Mercredi 27 septembre à 19h
Discussion à partir de Les libertaires et la politique, André Prudhommeaux
Quelle attention prêter au monde qui nous entoure et à ceux qui l’habitent quand on est révolutionnaire ? Le risque de se perdre dans la politique et ses tactiques à courte vue doit-il conduire au choix finalement confortable de s’en « insoucier » ? Doit-on garder les yeux rivés sur la résolution pure et parfaite des problèmes posés par ce monde ; et ce, au nom de principes jamais mis à l’épreuve de la réalité et de sa complexité ? A l’inverse, se soucier du monde signifie-t-il qu’on doive se perdre dans les méandres du pragmatisme et courir comme un canard sans tête après chacune des circonvolutions de l’actualité en se convaincant que le grand soir est à la porte de chaque soubresaut ? C’est la réflexion que propose André Prudhommeaux en 1954 dans le texte à partir duquel nous proposons de discuter. Au-delà même de poser les deux extrêmes de ce continuum, il émet l’hypothèse que ces deux positions, en apparence opposées, se révèlent être les deux faces d’une même pièce. Il montre comment, face à des événements inouïs, ces attitudes peuvent s’entendre, voire se compléter ou s’inverser.
Alors il propose la perspective d’un « juste milieu » entre ces deux pôles, d’une distance au monde qui serait la bonne pour lui prêter attention sans s’y perdre ni s’y adapter, pour construire ce qu’il nomme joliment « une anti-politique clairvoyante ». Etre à la fois dans et contre ce monde sans se réfugier dans une manière d’être contre illusoire qui nous en sépare et interdit toute possibilité d’effectivité à nos interventions et toute pertinence à nos analyses.
Cette question ne cesse de se poser, différemment selon les époques et les caractéristiques du mouvement révolutionnaire : elle est au fondement même de la question de l’intervention.
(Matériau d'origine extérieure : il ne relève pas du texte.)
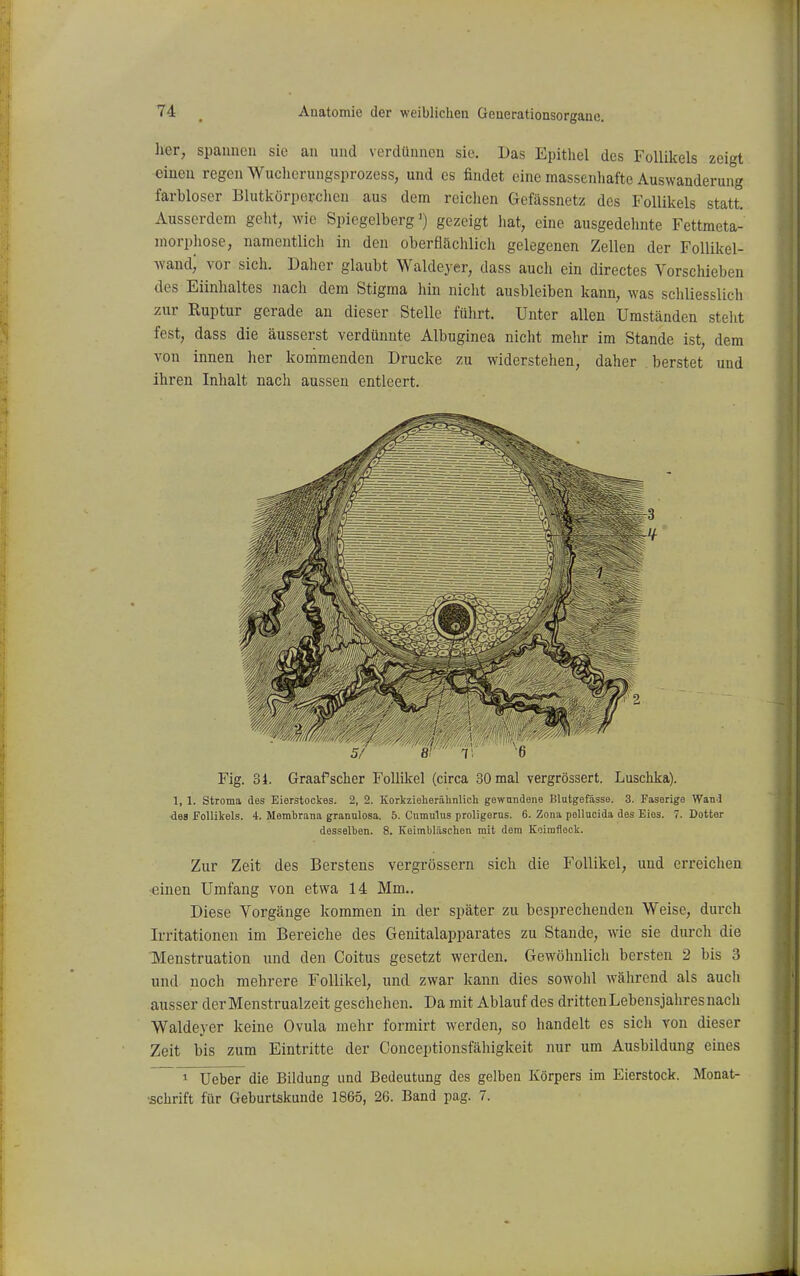 her, spannen sie an und verdünnen sie. Das Epithel des Follikels zeigt einen regen Wucherungsprozess, und es findet eine massenhafte Auswanderung farhloser Blutkörperclien aus dem reichen Gefässnetz dos Follikels statt. Ausserdem geht, wie Spiegelberg') gezeigt hat, eine ausgedehnte Fettmeta- inorphose, namentlicli in den oherBächlicli gelegenen Zellen der Follikel- waud; vor sich. Daher glaubt Waldeyer, dass auch ein directes Vorschieben des Eiinhaltes nach dem Stigma hin niclit ausbleiben kann, was schliesslich zur Ruptur gerade an dieser Stelle fülirt. Unter allen Umständen steht fest, dass die äusserst verdünnte Albuginea nicht mehr im Stande ist, dem von innen her kommenden Drucke zu widerstehen, daher berstet und ihren Inhalt nach aussen entleert. ■'.'w/mi/ / 5/ 8/ T, 6 Fig. 34. Graafscher Follikel (circa 30 mal vergrössert. Luschka). 1, 1. Stroma des Eierstockes. 2, 2. Korkzieherälinlich gewundene Blutgefässe. 3. Faserige Wand 4es f oUikels. 4. Membrana grannlosa. 5. Cumulus proligerus. 6. Zona pellucida des Eies. 7. Dotter desselben. 8. Keimbläschen mit dem Koimfleck. Zur Zeit des Berstens vergrössern sich die Follikel, und erreichen einen Umfang von etwa 14 Mm.. Diese Vorgänge kommen in der später zu besprechenden Weise, durch Irritationen im Bereiche des Genitalapparates zu Stande, wie sie durch die Menstruation und den Coitus gesetzt werden. Gewöhnlicli bersten 2 bis 3 und noch mehrere Follikel, und zwar kann dies sowohl während als auch ausser derMenstrualzeit geschehen. Da mit Ablauf des dritten Lebensjahres nach Waldeyer keine Ovula mehr formirt werden, so handelt es sich von dieser Zeit bis zum Eintritte der Conceptionsfähigkeit nur um Ausbildung eines 1 Ueber die Bildung und Bedeutung des gelben Körpers im Eierstock. Monat- schrift für Geburtskunde 1865, 26. Band pag. 7.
Elle est cruciale dans une époque comme la nôtre. Si, en d’autres temps, c’est l’activisme politique qui triomphait au dépend des perspectives révolutionnaires, aujourd’hui, des attentats de Daech à l’emprise grandissante de la norme et de la morale religieuse, la tentation de préférer persévérer dans son être révolutionnaire construit en chambre, en dépit de tout, plutôt que d’affronter les enjeux de l’époque est très présente. Car en effet chercher à se mettre à la hauteur des enjeux actuels, quitter « l’insouci », c’est sans doute quitter un certain confort, ouvrir des questionnements dont nul ne connaît ni l’ampleur, ni la fin, et que personne ne peut prétendre maîtriser dans tous les sens du terme. C’est prendre un risque véritable, sans lequel tout ce que nous pourrons tenter restera inévitablement vain. Pourtant, la perspective révolutionnaire de la liberté pour tous nécessite de prêter attention au monde qui nous entoure et à ceux qui l’habitent. C’est de cet équilibre fragile et encore à trouver que nous souhaitons discuter.